__WHAT THE TASK REQUIRES__. Starting with the first line of the material, reproduce exactly each line up to and including the one that contains "Let's just recalculate", leaving out every picture.

__DATA BLOCK__.

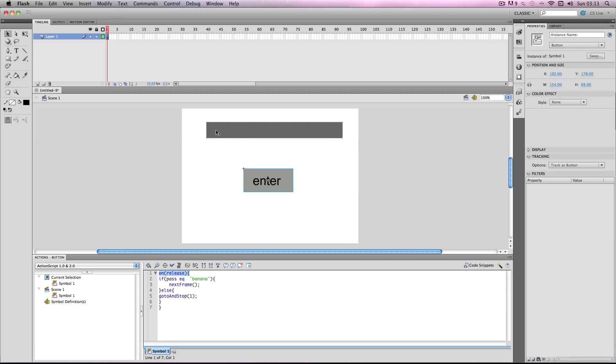If banana isn't entered, or a different word, or nothing's entered, it will go to stop 1, which is this frame. You can also change that as well if you want.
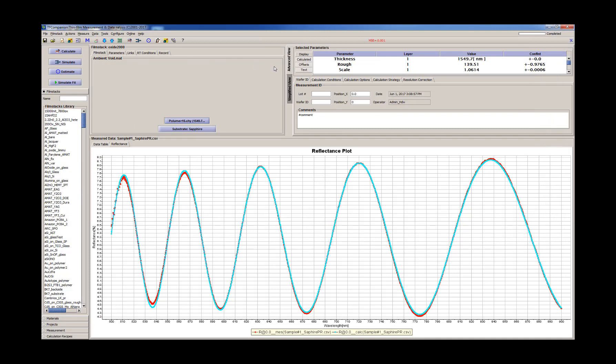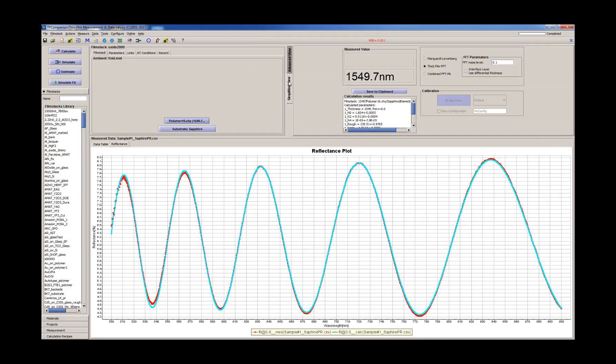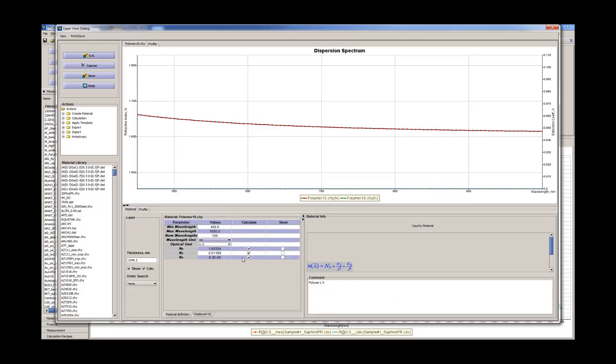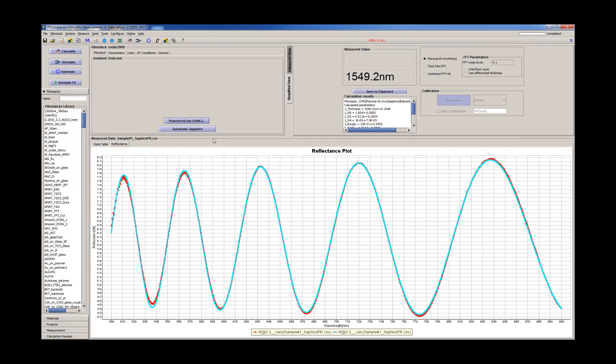Let's just recalculate to make sure. And now we can remove here calculation of the optical constants. We'll have them fixed. And we can save this film stack.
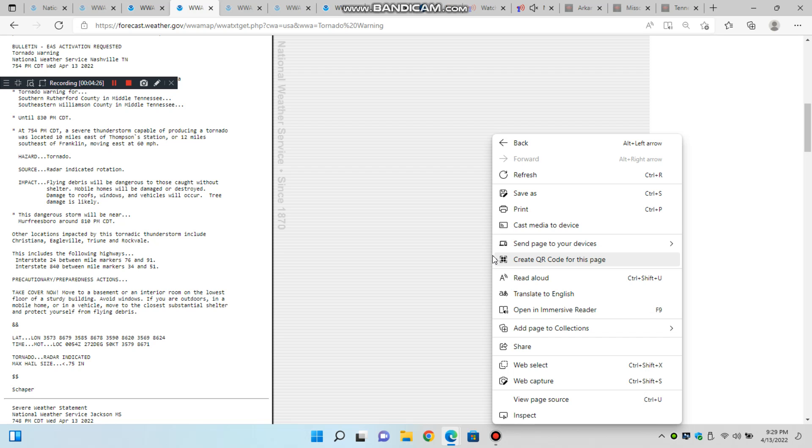Hazard: 70 miles per hour wind gusts. Source: radar indicated. Impact: expect considerable tree damage. Damage is likely to mobile homes, roofs, and outbuildings.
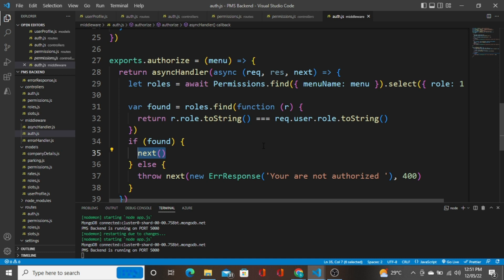I think this video would have helped you in learning about authorization and how to authorize users from the back end. This is executing at the back end, so there is no place for hackers to access this function or hack the application because it runs on a separate server. I'd suggest you see all my videos in the user authentication playlist. If you have any doubts, ask in the comments — I'm always here to help. Thank you guys, we'll see you in the next video.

__RESPONSE BOX__.
If banana isn't entered, or a different word, or nothing's entered, it will go to stop 1, which is this frame. You can also change that as well if you want.
Let's just recalculate to make sure. And now we can remove here calculation of the optical constants. We'll have them fixed. And we can save this film stack.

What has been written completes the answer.